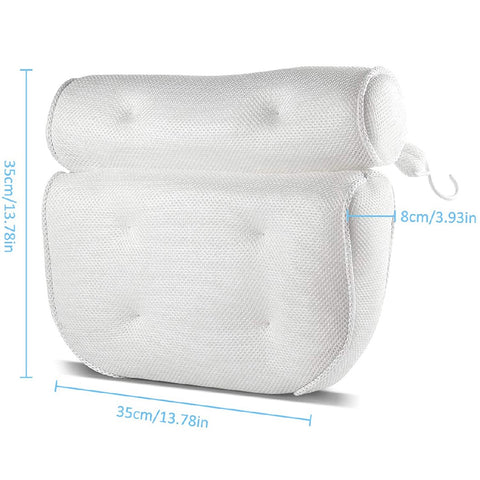 Comfort Luxury Bath Pillow Head Neck Back Support Cushion for Bathtub Soft 5D Air Mesh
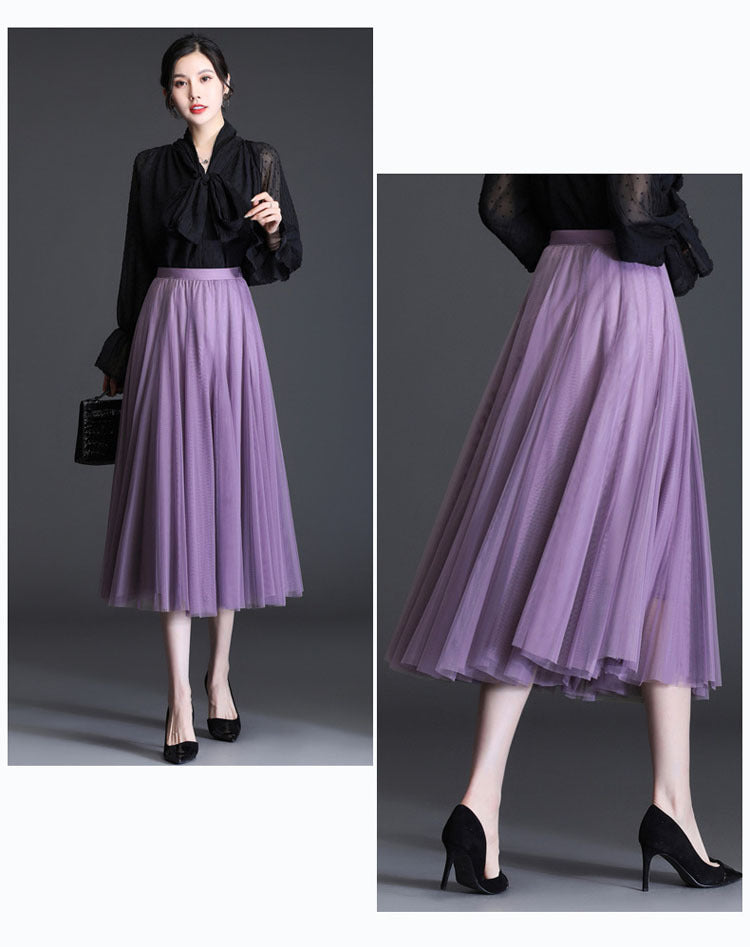 Mesh Skirt Long Skirt Mid-length A- line Skirt Summer Square Dance Skirt 720 Degree Large Swing Skirt in stock Hair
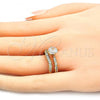Oro Laminado Wedding Ring, Gold Filled Style Duo Design, with White Cubic Zirconia, Polished, Golden Finish, 01.284.0035.07 (Size 7)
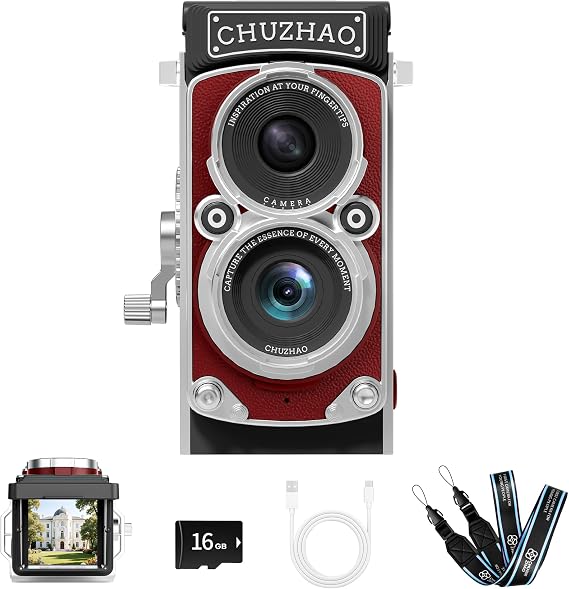 CHUZHAO Vintage Mini Digital Camera, Portable TLR Style Retro Point and Shoot Compact Small Pocket 1080P FHD Video 12MP Autofocus Vlogging Camera with 16 GB Card for Beginners Teens Adults Red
========================================================================
**Work to be completed:** Would you retype every line shown above exactly, leaving the pictures aside?

**Expected answer:**
 Comfort Luxury Bath Pillow Head Neck Back Support Cushion for Bathtub Soft 5D Air Mesh
 Mesh Skirt Long Skirt Mid-length A- line Skirt Summer Square Dance Skirt 720 Degree Large Swing Skirt in stock Hair
Oro Laminado Wedding Ring, Gold Filled Style Duo Design, with White Cubic Zirconia, Polished, Golden Finish, 01.284.0035.07 (Size 7)
 CHUZHAO Vintage Mini Digital Camera, Portable TLR Style Retro Point and Shoot Compact Small Pocket 1080P FHD Video 12MP Autofocus Vlogging Camera with 16 GB Card for Beginners Teens Adults Red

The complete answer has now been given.